Un paradosso storico che nella vita del francescano si materializzò in una pistola puntata alla schiena: «Era il 1945, le due di notte, al convento suonarono alcuni soldati di Tito, la città in quei giorni di “pace” era percorsa dal terrore dei rastrellamenti. Cercavano Mattioli Ermanno, maestro, “colpevole” di essere il cognato del prefetto… In quei giorni eravamo tutti “colpevoli” di qualcosa, l’obiettivo reale era eliminare in fretta tutti gli italiani». Il maestro Mattioli era davvero nascosto nelle stanze dell’orfanotrofio gestito dai francescani, insieme ad altre decine di polesani, nel tentativo di salvarsi dalle foibe. Ma quando gli sgherri fecero irruzione, Mattioli era già fuggito, «mentre la moglie e i loro tre bambini, Nino, Fulvia e Gianfranco, vennero portati in caserma. Ovviamente si consegnò…».

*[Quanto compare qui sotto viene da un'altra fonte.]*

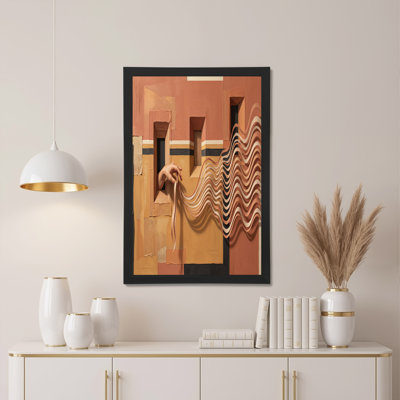 Toile tendue à la main à partir d'une fenêtre en terre cuite avec rubans ondulés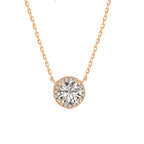 Round stone halo necklace with moissanite – 18K gold-plated 925 sterling silver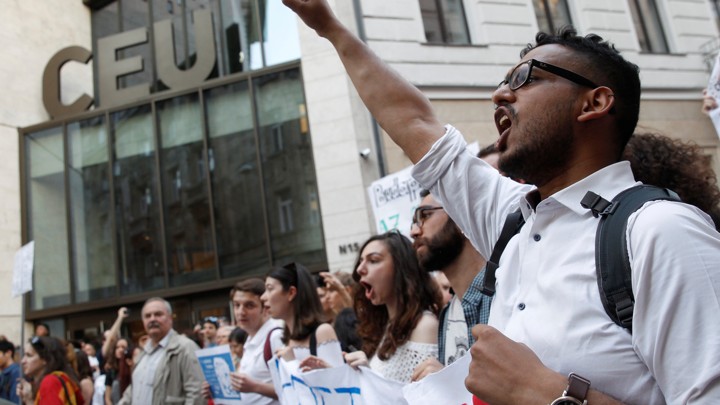 A demonstration against Prime Minister Viktor Orban's efforts to force a George Soros-founded university out of the country in Budapest, Hungary on April 2, 2017.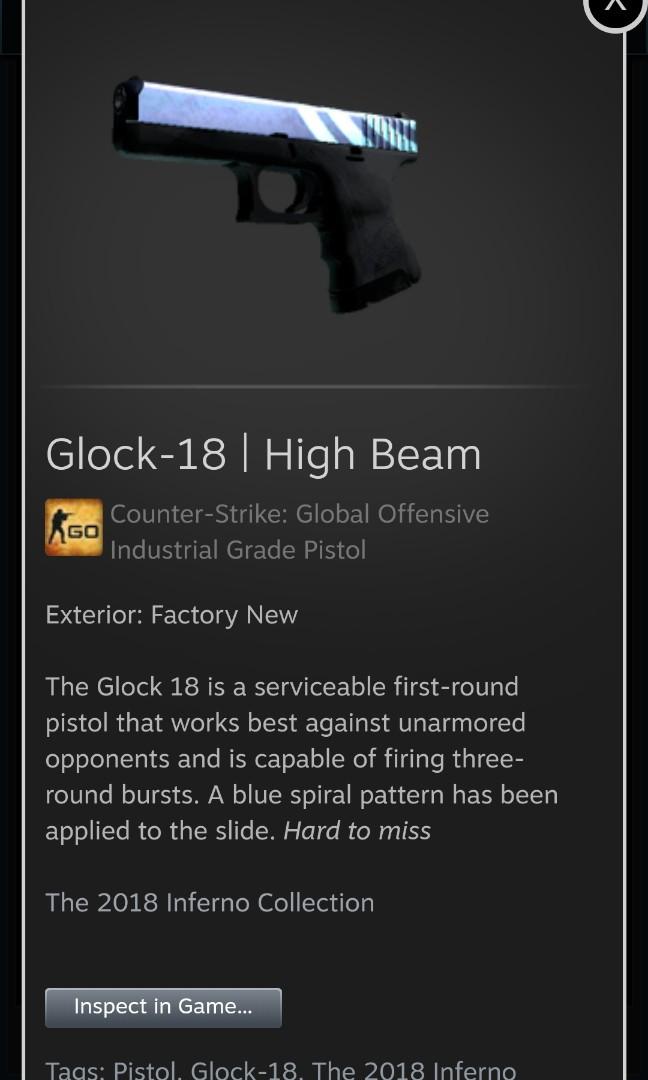 Glock 18 High Beam Fn Toys Games Video Gaming In Game Products On Carousell - glock 18 roblox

Quella di padre Germano è la voce di chi i fatti li ha vissuti in prima persona e oggi li valuta con la saggezza del centenario: «Mussolini ha combinato un caos. Il 10 giugno del 1940, giorno in cui annunciò la dichiarazione di guerra, ho pianto. “È l’ora delle decisioni irrevocabili” disse lui da piazza Venezia, “siamo fritti” pensai io. Pola era un paradiso, si viveva nella pace e nella bellezza, io coordinavo la filodrammatica, istruivo i ragazzi dell’orfanotrofio e dell’oratorio, avevo sempre intorno i miei chierichetti. Dalla finestra vedevo il mare blu e l’Arena di pietra candida, da cui mi arrivavano la sera le note delle opere liriche. Poi fu l’inferno».

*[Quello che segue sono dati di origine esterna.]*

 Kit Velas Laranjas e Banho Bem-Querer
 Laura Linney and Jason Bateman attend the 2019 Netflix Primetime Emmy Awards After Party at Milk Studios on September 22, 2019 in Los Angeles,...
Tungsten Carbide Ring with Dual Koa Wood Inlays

E padre Germano prese a fotografarlo. «Il 6 gennaio del ’44 ci fu un bombardamento terribile. Eravamo tutti a teatro, cantava la famosa artista polesana Italia Vaniglio (scomparsa lo scorso dicembre quattro giorni dopo suo marito, il conduttore televisivo Febo Conti, ndr), Sergio Endrigo era ancora piccolino. Tutti corsero ai rifugi, io sul campanile», dice mostrando una foto in cui il mare ribolle tra alte colonne d’acqua sollevate dalle bombe. «Non ero matto, anzi, per chi bombarda è più difficile prendere la punta di un campanile, e poi i piloti cercavano di preservare l’Arena romana e il mio campanile distava solo venti metri».

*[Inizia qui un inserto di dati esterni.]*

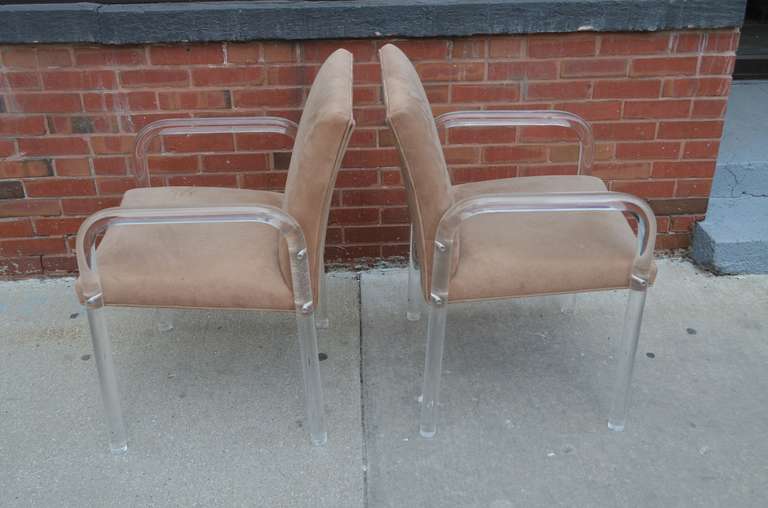 American Pair of Thick Lucite Armchairs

Quando “scoppia la pace”, però, anche padre Germano come altri 350mila italiani è costretto a fuggire. Lo fa il 17 febbraio del ’47 sul “Toscana”, che per l’ultima volta salpa con a bordo gli esuli. I suoi confratelli restano a Pola, ma questo costerà loro anni di lavori forzati nei lager di Tito. «Subirono un processo farsa, nel quale anche io fui condannato in contumacia come… “spia del Vaticano”. In seguito verranno liberati grazie a uno scambio di prigionieri e partiremo tutti per il Guatemala». Ma questa è un’altra storia, durata 50 anni (dal ’48 al ’98), durante i quali padre Germano ha conosciuto il suo secondo paradiso in terra al fianco dei contadini guatemaltechi.
Oggi, nel convento francescano della chiesa Votiva di Maria Ausiliatrice a Treviso concelebra tutti i giorni la Messa e continua a confessare i fedeli. È lì che giorni fa ha festeggiato il secolo con gli esuli del Libero Comune di Pola in esilio e i suoi ragazzini di un tempo, soffiando su due candeline: per i 100 anni di vita e i 75 di sacerdozio. «Il vescovo emerito di Trieste Eugenio Ravignani ha celebrato la Messa per me e io… gli ho fatto da chierichetto. Nel ’40 a Pola il mio piccolo chierichetto era lui, anche sotto le bombe!».